Now that the Republican National Convention is over and the Republicans have embraced the mantle of change, I think it’s fair to ask: Just what change are they talking about?
As I listened to the speeches, it seems their message of change is: If we have more tax cuts for the wealthy, eliminate government regulation and maintain our aggressive foreign policy, free markets will magically solve all our problems for us.
Come again? This is change?
I believe in the power of free markets and capitalism as much as anyone – but not because free markets are some sort of revelation from heaven. (I’ve searched, but I haven’t found the section in the D&C that covers that subject.) I believe in American free enterprise because it works, and it works because our system allows for common-sense adjustments along the way. Whether it was Teddy Roosevelt’s anti-trust laws, Woodrow Wilson’s estate tax, or Franklin Roosevelt’s reform of the banking system, American free enterprise works because it evolves to meet changing conditions. The founding father of free market economics, Adam Smith, was remarkable in his insights on this subject when he wrote the following over 200 years ago:
The proposal of any new law or regulation of commerce which comes from this order (capitalists), ought always to be listened to with great precaution, and ought never to be adopted till after being long and carefully examined, not only with the most scrupulous, but with the most suspicious attention. It comes from an order of men, whose interest is never exactly the same with that of the public, who have generally an interest to deceive and even to oppress the public, and who accordingly have, upon many occasions, both deceived and oppressed it….Regulations may, no doubt, be considered as in some respects a violation of natural liberty. But those exertions of the natural liberty of a few individuals, which might endanger the security of the whole society, are, and ought to be, restrained by the laws of all governments.
Let’s look at what the Republican philosophy of free enterprise has accomplished the last eight years.
Yesterday, it was announced that the federal government is taking over Fannie Mae and Freddie Mac to keep them from going under and taking the whole economy with them. This bailout will cost taxpayers billions, not to mention the fact that the bursting of the mortgage speculation bubble is the main cause of the current recession. While anti-regulation Bush appointees were asleep at the switch, these two government-backed entities were investing in risky mortgage securities; mortgages that, we now know, lenders were questioning when the loans were made. We’ve heard numerous stories about how individual mortgage brokers challenged their managers about these insane loans, only to be told, “The underwriters (backed by Fannie and Freddie) are willing to buy them, so don’t ask questions.” The complete ramifications of this reckless policy are still unknown, but they are potentially devastating.
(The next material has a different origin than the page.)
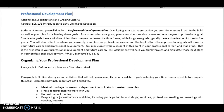This video is to give some assignment specifications for your professional development plan that you will be writing for this course. Let's look at the assignment guidelines that were provided in your syllabus.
We’re paying almost $4 a gallon for gasoline and sending $700 billion out of the country every year to pay for oil imports because our nation has lacked a forward thinking energy policy, instead trusting the markets and Big Oil to deliver us. In response to our current crisis, the delegates to the RNC raised the chant, “Drill, baby, drill! Drill, baby, drill!” Respected journalist Tom Freidman remarked this week that chant at the cusp of the ET (energy tech) revolution is equivalent to shouting at the beginning of the IT revolution, “IBM Selectric Typewriters, baby, IBM Selectric Typewriters!” According to Freidman, industry leaders like GE’s Jeffery Immelt have said that American industry is ready to invest the billions it will take to make America the world leaders in ET and unleash our nation’s formidable innovative spirit – but not until we have a national energy policy that will ensure these investments will not be at risk from volatile energy prices. Markets are the solution, and we should let innovation rather than government select the best path forward, but the markets need some reassurance that the risks will be worth the investment. Our future economic leadership in the world is as stake over this question.
Let’s not forget the decimation of our manufacturing base, with the resultant loss of high paying jobs the last decade, because our nation is alone among the major industrial powers in lacking any sort of national industrial policy. This is in addition to saddling our industrial base with the sole responsibility for paying the exploding costs of health care for their employees.
What about improving education? Despite the fact that voters in the most conservative state in the nation (us) rejected this idea by a margin of almost two-to-one, Senator McCain’s answer to improving education was – you guessed it – private school vouchers.
I sat in open-mouth wonder as Mitt Romney and others at the RNC hurled zealous invective that blamed America’s problems on “Washington’s liberal elite”. Forget for a minute they’ve had the steering wheel for the last eight years. Just what exactly are the “liberal” policies that have created our current economic mess?
I have a message for Romney and other High Priests of the Church of Unfettered Capitalism. Please forgive me; you’ve heard the following quote from me before. But the last few years have proven the truth and wisdom of the following words from American statesman and historian Arthur Schelesinger Jr.:
The object of (American) liberalism has never been to destroy capitalism, as conservatism invariably claims – only to keep the capitalists from destroying it.